Task goal:
Go over the data and copy out each line with "CLASSIC" in it.

[Data records]
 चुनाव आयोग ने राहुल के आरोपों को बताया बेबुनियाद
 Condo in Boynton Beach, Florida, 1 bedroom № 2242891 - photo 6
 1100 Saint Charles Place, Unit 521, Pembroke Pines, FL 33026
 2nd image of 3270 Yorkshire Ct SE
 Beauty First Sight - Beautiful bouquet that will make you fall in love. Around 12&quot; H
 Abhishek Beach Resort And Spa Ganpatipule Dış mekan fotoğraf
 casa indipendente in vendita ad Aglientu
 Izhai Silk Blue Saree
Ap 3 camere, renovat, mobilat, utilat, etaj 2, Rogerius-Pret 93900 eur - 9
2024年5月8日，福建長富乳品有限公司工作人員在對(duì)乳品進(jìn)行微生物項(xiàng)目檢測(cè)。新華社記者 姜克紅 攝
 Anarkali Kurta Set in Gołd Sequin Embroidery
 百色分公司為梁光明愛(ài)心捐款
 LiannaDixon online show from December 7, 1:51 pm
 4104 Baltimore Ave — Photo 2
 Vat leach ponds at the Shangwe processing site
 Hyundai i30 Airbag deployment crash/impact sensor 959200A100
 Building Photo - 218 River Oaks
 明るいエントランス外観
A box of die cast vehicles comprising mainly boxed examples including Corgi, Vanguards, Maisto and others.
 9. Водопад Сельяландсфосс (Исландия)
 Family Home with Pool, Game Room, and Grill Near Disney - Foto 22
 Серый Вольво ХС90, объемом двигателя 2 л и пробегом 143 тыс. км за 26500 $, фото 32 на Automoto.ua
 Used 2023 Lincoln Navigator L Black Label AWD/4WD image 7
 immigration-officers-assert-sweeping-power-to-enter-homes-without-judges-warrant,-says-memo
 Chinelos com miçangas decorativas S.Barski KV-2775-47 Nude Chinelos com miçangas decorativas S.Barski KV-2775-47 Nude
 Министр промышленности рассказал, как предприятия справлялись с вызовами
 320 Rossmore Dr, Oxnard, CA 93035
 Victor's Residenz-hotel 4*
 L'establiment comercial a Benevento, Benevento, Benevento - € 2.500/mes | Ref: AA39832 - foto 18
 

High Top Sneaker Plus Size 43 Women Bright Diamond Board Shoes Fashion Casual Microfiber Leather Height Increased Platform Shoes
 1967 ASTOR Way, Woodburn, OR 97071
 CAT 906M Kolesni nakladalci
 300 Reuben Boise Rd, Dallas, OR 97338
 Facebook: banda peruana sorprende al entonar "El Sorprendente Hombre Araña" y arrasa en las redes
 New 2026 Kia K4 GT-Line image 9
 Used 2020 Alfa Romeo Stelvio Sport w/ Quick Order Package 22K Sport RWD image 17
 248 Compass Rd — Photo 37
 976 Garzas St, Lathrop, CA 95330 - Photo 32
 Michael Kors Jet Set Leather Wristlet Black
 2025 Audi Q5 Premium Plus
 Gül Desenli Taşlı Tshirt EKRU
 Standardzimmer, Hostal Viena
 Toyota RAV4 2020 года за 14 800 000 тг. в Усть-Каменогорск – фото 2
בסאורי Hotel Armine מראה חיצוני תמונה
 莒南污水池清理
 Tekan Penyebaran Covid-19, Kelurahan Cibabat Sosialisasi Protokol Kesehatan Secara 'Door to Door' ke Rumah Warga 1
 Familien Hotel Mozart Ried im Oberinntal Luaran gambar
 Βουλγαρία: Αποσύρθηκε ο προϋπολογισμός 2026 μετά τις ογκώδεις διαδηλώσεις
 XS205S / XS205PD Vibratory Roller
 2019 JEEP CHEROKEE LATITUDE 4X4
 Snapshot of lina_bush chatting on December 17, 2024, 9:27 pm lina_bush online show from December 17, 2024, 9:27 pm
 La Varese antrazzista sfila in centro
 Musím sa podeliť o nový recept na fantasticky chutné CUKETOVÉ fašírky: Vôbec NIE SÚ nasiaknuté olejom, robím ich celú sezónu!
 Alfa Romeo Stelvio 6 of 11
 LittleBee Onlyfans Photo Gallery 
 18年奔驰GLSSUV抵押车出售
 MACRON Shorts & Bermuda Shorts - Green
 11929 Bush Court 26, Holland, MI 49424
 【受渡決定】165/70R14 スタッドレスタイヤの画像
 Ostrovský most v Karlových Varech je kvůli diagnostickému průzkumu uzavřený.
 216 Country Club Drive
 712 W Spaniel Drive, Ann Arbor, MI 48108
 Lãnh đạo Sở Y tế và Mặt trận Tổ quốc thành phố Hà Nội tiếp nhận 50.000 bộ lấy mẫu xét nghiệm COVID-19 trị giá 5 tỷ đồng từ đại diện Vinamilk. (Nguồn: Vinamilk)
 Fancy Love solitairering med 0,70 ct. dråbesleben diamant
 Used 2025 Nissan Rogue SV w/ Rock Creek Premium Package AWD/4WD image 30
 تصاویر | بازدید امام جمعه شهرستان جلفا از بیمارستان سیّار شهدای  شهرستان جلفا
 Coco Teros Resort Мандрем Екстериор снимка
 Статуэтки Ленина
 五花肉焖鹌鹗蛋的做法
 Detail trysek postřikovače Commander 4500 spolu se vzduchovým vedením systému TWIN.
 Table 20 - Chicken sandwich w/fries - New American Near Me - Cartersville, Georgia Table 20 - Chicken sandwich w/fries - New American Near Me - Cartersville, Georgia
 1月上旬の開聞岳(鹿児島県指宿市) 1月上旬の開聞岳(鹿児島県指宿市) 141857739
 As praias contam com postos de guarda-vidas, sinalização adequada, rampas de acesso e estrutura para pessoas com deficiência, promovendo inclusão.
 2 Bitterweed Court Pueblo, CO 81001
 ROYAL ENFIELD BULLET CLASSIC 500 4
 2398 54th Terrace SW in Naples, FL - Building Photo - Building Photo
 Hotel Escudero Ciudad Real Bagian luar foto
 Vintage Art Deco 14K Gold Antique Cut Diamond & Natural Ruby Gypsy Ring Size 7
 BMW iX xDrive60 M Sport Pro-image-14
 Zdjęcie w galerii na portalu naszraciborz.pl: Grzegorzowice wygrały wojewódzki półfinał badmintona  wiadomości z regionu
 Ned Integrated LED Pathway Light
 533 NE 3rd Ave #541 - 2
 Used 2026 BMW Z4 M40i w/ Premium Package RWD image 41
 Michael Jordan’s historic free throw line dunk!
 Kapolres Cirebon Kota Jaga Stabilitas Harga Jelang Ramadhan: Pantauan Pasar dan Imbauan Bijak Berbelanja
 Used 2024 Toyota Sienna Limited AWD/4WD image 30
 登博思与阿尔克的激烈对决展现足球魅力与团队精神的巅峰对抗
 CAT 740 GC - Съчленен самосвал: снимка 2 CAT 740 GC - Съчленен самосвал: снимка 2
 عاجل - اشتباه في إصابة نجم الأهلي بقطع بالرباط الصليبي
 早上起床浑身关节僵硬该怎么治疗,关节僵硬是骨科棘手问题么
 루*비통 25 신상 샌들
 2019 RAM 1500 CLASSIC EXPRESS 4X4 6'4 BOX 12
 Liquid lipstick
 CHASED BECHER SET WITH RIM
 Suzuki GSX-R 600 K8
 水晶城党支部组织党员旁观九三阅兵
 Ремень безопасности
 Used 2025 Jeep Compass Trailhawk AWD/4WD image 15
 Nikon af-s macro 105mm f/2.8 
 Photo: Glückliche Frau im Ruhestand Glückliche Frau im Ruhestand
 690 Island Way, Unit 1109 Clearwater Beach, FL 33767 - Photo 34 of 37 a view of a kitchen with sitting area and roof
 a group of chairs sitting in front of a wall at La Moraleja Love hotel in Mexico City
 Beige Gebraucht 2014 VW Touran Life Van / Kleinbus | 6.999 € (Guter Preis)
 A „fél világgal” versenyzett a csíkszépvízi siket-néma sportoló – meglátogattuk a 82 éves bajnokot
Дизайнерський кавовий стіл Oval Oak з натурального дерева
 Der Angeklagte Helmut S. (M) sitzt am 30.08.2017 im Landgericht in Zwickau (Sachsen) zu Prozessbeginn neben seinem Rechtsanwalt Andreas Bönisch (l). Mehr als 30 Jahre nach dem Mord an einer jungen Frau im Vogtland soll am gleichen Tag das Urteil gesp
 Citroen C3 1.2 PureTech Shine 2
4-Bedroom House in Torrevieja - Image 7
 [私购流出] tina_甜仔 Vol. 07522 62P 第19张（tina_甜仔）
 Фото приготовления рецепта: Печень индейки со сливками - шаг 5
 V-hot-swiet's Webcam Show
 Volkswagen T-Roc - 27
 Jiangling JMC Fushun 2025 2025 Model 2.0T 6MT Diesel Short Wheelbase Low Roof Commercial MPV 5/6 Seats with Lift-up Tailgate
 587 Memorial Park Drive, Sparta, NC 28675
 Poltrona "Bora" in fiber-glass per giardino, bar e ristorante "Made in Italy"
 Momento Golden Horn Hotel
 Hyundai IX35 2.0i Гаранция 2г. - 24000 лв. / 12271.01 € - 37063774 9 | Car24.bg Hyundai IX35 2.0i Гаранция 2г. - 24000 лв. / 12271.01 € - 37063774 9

Solution to this task:
 ROYAL ENFIELD BULLET CLASSIC 500 4
 2019 RAM 1500 CLASSIC EXPRESS 4X4 6'4 BOX 12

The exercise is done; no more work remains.